Marshall McLuhan was an academic and a writer how predicted the internet 30 years before it was invented. He coined the term "global village", a term that is still used today.
McLuhan's introduced that idea of the global village in his book The Gutenberg Galaxy . This book explored the concept that how we *learn* fundamentally shapes how we *think*.
For those of us who were taught in a pre-digital age, we primarily learned from books. In fact, since the age of print, learning has been primarily from books.
The ability to learn from books was transformative for human society, launching the Age of Reason and ushering in modern nationalism and industrialism.
By its nature, this learning is inherently linear, based on what one could call sequential logic. There is a beginning, middle, and end for every book. One idea builds on the next, in order, until a conclusion.
It could be argued that this type of thinking developed that part of our brain that is analytical, what is know as the Central Executive Network .
How we learn shapes how we think.
But, take a moment and observe: that is not how digital natives learn. Students today have never known a time where there was not the World Wide Web filled with information that is all hyperlinked together. In this hyperlinked environment, there is no single path of learning, instead, each person's path is self-defined by their Curiosity.
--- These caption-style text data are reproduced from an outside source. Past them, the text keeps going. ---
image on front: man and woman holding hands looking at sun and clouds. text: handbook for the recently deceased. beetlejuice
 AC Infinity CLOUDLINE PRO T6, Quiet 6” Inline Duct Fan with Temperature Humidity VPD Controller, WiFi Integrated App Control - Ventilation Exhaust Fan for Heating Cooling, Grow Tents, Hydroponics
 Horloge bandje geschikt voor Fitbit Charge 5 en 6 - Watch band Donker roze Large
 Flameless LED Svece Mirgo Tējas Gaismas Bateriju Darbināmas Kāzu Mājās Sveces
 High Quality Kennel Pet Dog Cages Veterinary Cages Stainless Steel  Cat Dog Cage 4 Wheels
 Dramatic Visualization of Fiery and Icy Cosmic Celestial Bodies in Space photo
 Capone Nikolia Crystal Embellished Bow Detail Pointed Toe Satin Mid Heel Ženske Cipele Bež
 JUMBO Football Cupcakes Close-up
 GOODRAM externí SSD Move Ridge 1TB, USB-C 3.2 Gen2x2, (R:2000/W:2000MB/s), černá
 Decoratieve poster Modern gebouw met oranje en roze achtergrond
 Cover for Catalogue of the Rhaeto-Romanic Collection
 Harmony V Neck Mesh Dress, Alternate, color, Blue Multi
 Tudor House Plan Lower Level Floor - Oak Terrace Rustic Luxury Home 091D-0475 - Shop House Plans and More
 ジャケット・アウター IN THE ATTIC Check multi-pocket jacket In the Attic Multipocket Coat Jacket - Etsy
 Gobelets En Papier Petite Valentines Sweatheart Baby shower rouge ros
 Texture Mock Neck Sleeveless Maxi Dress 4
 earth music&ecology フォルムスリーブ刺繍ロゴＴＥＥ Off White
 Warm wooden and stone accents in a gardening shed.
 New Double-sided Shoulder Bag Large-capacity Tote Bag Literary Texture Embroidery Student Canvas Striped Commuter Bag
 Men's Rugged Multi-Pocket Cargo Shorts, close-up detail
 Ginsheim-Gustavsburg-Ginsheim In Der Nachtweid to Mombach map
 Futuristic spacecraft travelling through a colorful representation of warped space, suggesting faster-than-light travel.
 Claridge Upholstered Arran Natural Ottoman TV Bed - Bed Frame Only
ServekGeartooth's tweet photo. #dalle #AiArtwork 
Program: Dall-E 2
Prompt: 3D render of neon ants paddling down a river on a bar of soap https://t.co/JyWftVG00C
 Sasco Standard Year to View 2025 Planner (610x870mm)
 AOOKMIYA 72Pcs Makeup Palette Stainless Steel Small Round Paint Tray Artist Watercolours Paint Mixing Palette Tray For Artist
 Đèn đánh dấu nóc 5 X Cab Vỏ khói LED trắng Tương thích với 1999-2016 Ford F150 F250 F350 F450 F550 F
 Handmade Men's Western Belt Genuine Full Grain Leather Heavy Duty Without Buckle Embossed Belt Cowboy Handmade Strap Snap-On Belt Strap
As a result, many of these digital natives don't primarily learn linearly. Instead, their learning process is far more multi-dimensional - spacial - as they jump from link to link to create meaning through dynamic triangulation. Something that we could call Dialectical Synthesis.
It is likely that this type of thinking is activating their Salience Network , that network that creates meaning by synthesizing contrasts - one that is dialectical in its very nature.
Activated, the Whole Mind unleashes new capacity for creative thinking.